In bare feet, I walked down my front steps to the sidewalk, peering at the scene.

“You really walking around with bare feet?” said a deep voice. I looked up from the broken pieces of glass and plastic and metal all over the sidewalk to see the tow truck driver talking to me.

“What happened?” I asked, noticing tire marks running from the street through the grass, stopping abruptly at a tree in the neighbor’s parkway.

“Someone sideswiped your neighbor’s car and knocked it up onto the curb. Then they must have kept going. Missed the mailbox and the planter… finally stopped when the van hit the tree.”

I looked at the driver with wide eyes, now understanding why the van’s front end was completely pushed in.

Under the street lamp, the tow truck driver poured a sandy mixture over a trail of oil left from the van’s destructive path. It occurred to me at that moment that, had the van’s driver not hit the neighbor’s tree, he would have plowed directly into my husband’s car, parked on the street. I examined our car, noting how pieces of the tree had dropped onto the roof and hood, no doubt when the van smashed into it.

“Oh my God…” I said, taking in the eerie scene. “Was anyone hurt?” I asked, staring at the van’s cracked windshield.

“Don’t know,” the tow truck driver said. “When I got here, there was a guy…not sure if he was the driver or the driver’s father…”

I noticed the name DAN embroidered on his North Shore Towing uniform. He pointed to my neighbor’s house and said, “Your neighbor can’t be too happy. His car got sideswiped before the van ran into the tree.”

“That’s awful,” I said, thinking about my neighbors who’ve lived here just over a year now. Another neighbor refers to the spot their car was parked at (at the corner of Greenleaf and Maple) as “The Suicide Spot” because she’s been sideswiped there at least two or three times.

“I’ll be right back,” I said. “I’m going to get my camera.”

“But I didn’t comb my hair,” he said, dead serious. Then he smiled.

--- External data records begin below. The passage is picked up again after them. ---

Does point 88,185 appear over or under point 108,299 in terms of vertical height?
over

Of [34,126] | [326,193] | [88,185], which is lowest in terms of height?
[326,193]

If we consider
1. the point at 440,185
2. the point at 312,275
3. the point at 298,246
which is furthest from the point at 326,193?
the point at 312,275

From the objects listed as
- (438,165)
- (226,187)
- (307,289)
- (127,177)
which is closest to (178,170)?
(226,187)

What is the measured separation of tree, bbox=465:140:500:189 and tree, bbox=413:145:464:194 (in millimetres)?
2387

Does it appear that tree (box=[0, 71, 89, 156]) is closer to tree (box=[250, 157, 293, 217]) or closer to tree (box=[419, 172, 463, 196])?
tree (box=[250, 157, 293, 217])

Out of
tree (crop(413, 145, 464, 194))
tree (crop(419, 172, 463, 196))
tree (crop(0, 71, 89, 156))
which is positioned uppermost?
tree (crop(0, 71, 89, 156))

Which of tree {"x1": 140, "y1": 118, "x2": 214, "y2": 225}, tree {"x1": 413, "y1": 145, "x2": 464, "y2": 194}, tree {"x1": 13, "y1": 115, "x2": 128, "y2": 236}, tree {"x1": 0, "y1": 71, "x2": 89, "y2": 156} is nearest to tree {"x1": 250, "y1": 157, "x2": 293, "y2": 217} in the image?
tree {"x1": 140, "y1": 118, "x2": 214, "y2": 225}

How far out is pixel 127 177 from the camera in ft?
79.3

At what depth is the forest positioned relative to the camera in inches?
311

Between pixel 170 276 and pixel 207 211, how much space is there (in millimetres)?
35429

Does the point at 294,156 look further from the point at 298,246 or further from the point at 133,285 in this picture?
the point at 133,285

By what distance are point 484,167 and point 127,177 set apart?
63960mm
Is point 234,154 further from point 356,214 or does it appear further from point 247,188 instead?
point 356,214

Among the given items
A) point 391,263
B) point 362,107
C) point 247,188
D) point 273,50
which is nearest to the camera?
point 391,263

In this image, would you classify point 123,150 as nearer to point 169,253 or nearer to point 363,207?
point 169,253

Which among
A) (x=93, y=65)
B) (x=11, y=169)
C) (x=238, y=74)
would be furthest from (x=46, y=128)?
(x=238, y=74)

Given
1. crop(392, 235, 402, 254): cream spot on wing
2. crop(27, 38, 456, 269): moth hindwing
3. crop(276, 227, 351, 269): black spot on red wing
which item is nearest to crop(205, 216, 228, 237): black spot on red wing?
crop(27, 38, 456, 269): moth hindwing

“Don’t worry,” I said. “I’ll make sure to use soft focus…”

I walked back to my porch, avoiding chunks of plastic and metal on the sidewalk and lawn. As I went into the house to find some shoes and a camera, I thought to myself, What kind of an idiot drives like that? He’s lucky he didn’t kill someone.

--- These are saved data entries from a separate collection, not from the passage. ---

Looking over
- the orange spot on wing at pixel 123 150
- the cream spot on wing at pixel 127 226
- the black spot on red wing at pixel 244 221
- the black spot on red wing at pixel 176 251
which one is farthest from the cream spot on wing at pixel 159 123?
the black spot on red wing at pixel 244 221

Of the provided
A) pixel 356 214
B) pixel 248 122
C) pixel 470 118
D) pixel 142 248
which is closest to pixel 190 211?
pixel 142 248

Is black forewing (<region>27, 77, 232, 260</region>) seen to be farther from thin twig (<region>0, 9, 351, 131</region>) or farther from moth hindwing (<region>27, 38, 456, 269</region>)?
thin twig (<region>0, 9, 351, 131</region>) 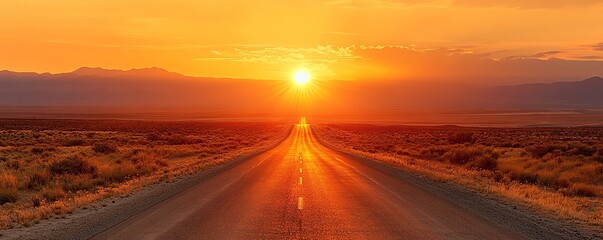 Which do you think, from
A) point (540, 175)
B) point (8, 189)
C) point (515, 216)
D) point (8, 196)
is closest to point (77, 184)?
point (8, 189)

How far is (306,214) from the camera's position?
12602 millimetres

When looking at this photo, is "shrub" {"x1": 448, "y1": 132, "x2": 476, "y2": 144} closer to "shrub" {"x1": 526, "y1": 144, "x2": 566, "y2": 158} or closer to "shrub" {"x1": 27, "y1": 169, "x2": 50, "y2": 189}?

But then, as I walked back to the tow truck driver hooking the mangled van up to the winch, I took a good look at the van. It had clearly been in terrible shape even before the accident. Maybe the steering or the brakes went out, I thought. Maybe the driver couldn’t afford to get a repair…and he was finishing the night shift….thinking about his family…tired…

“My hair look okay?” Dan asked.

“You bet,” I said. “Wow. Thank you for making sure all this oil is covered up.” He covered every slick spot, using an entire bag of gritty sand.

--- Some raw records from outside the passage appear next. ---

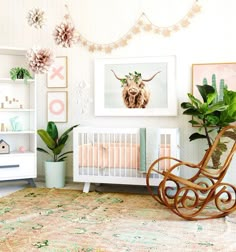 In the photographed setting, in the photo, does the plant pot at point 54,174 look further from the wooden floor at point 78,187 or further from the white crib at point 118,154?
the white crib at point 118,154

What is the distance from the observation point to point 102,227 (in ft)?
8.57

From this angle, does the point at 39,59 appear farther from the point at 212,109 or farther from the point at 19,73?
the point at 212,109

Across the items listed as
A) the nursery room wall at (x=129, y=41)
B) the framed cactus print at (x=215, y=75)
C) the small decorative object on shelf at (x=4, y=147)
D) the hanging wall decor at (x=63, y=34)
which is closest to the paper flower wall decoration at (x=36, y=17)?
the hanging wall decor at (x=63, y=34)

“Don’t need to thank me. It’s my job,” he said.

“So you work the night shift?” I asked, snapping photos of the scene.

“Five p.m. to six a.m., six days a week,” he said.

“That’s a lot,” I said, realizing how cold the night air felt.

“Well, thank you,” I said. “There’ll be a lot of cars and students at this corner in a few hours. Do you mind if I actually take your picture next to your truck? I might use it for an article for”

“It’s not my truck,” Dan said. “It’s the company’s truck. But sure.” He posed quickly, then turned to get right back to work.

Pointing to the North Shore Towing logo, I said, “Bet you get a lot of angry customers, don’t you?”

“Doesn’t bother me,” he said. “It’s my job. If you park where you’re not supposed to, I’ll tow your car away… right in front of you if I have to.”

I nodded. “Fair point,” I said.

“I also put boots on cars,” he said. I swear he had a little gleam in his eye.

“I guess rules are rules,” I said, turning off my camera and wondering how many unpaid parking tickets I might have. “Well, have a nice Thanksgiving and thanks again.”

As I walked inside and started making coffee, I thought about everyone affected by the accident out front.

I hoped the van’s driver is okay…

…and that my neighbor’s car won’t be too expensive or difficult to fix…

…and that Dan from North Shore Towing gets the chance to have a nice Thanksgiving dinner before he starts his 5pm shift on Thursday. I think he deserves one.